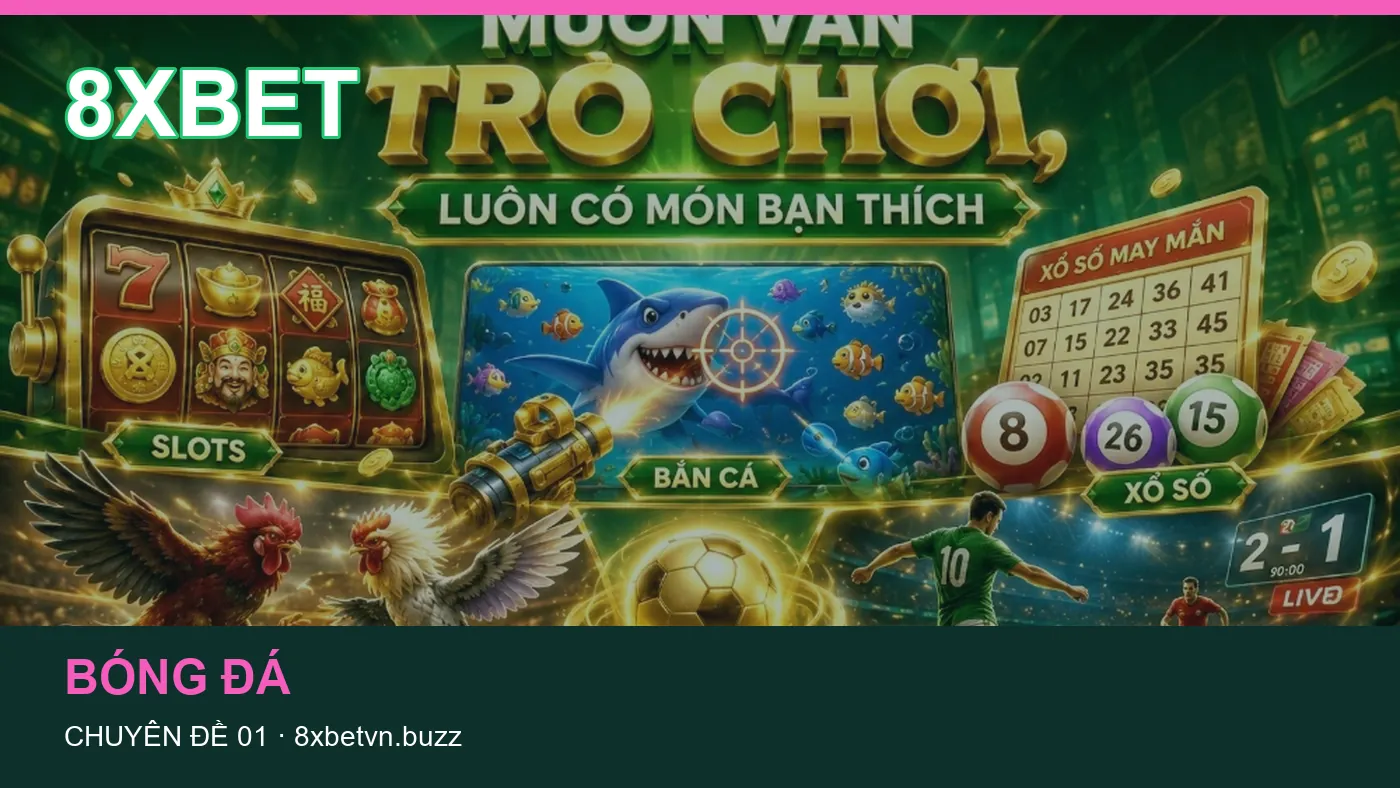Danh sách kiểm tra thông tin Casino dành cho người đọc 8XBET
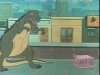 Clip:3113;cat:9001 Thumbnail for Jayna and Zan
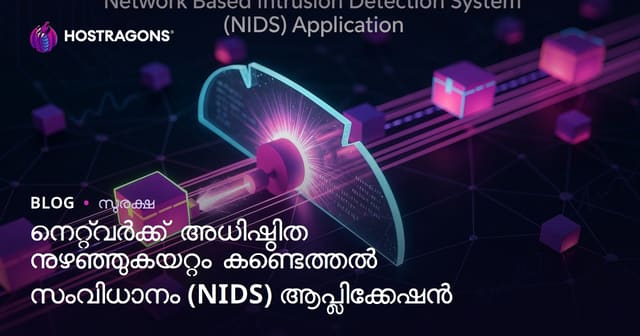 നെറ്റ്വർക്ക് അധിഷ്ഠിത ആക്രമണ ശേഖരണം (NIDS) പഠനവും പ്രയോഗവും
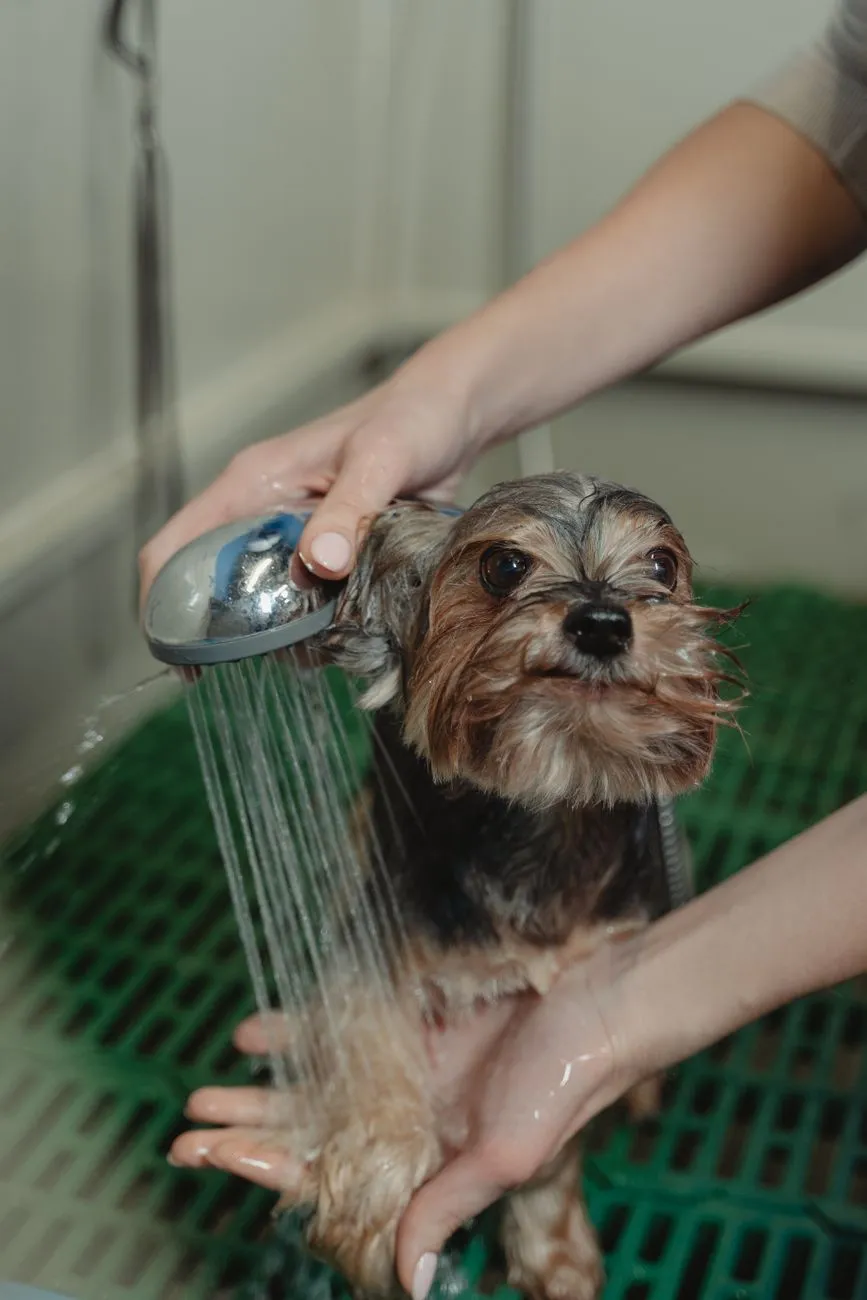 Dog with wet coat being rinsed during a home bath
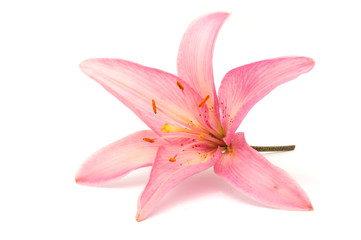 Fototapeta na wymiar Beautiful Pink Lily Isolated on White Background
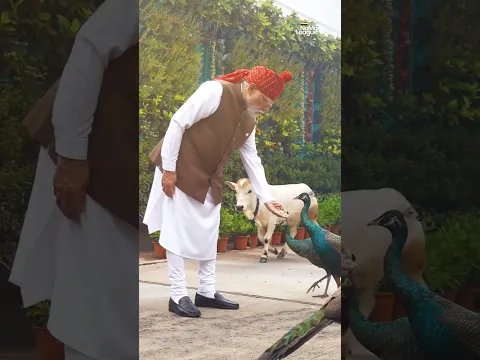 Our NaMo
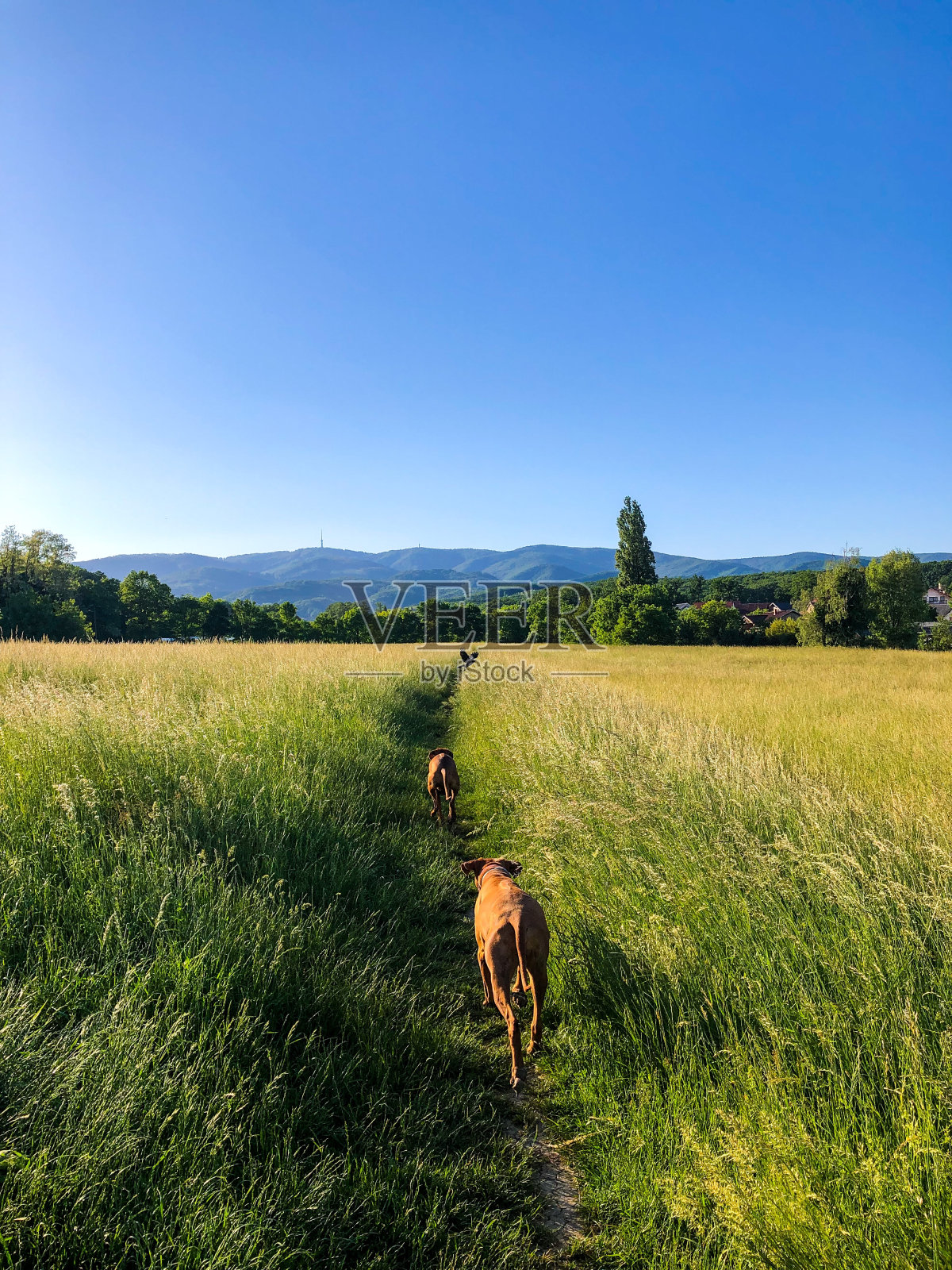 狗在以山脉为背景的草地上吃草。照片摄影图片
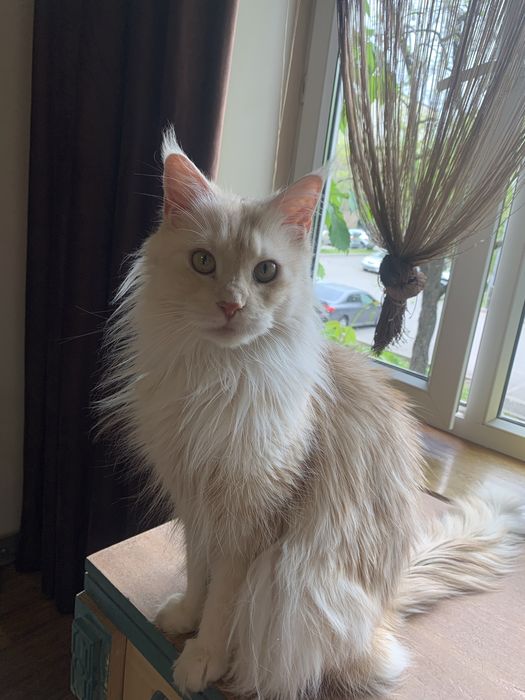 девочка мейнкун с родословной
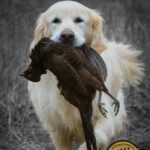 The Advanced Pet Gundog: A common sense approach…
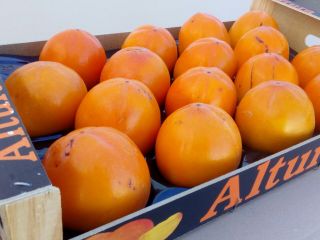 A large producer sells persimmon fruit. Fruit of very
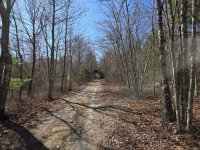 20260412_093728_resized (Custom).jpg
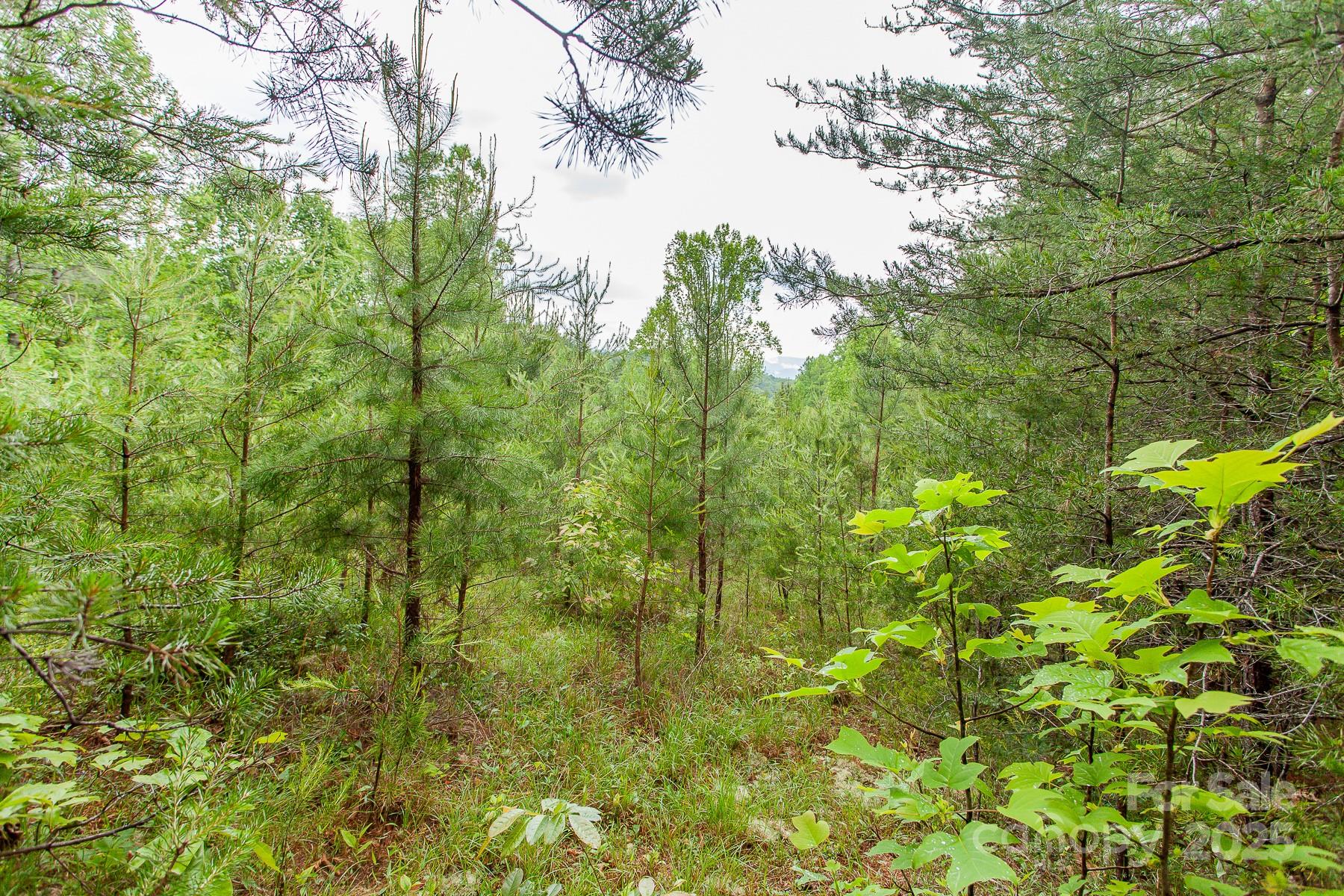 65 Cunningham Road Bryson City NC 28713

═══

- EXERCISE REQUIREMENTS:
Quote all the lines above exactly as given. Do not include the pictures.

- COMPLETED TASK:
Danh sách kiểm tra thông tin Casino dành cho người đọc 8XBET
 Clip:3113;cat:9001 Thumbnail for Jayna and Zan
 നെറ്റ്വർക്ക് അധിഷ്ഠിത ആക്രമണ ശേഖരണം (NIDS) പഠനവും പ്രയോഗവും
 Dog with wet coat being rinsed during a home bath
 Fototapeta na wymiar Beautiful Pink Lily Isolated on White Background
 Our NaMo
 狗在以山脉为背景的草地上吃草。照片摄影图片
 девочка мейнкун с родословной
 The Advanced Pet Gundog: A common sense approach…
 A large producer sells persimmon fruit. Fruit of very
 20260412_093728_resized (Custom).jpg
 65 Cunningham Road Bryson City NC 28713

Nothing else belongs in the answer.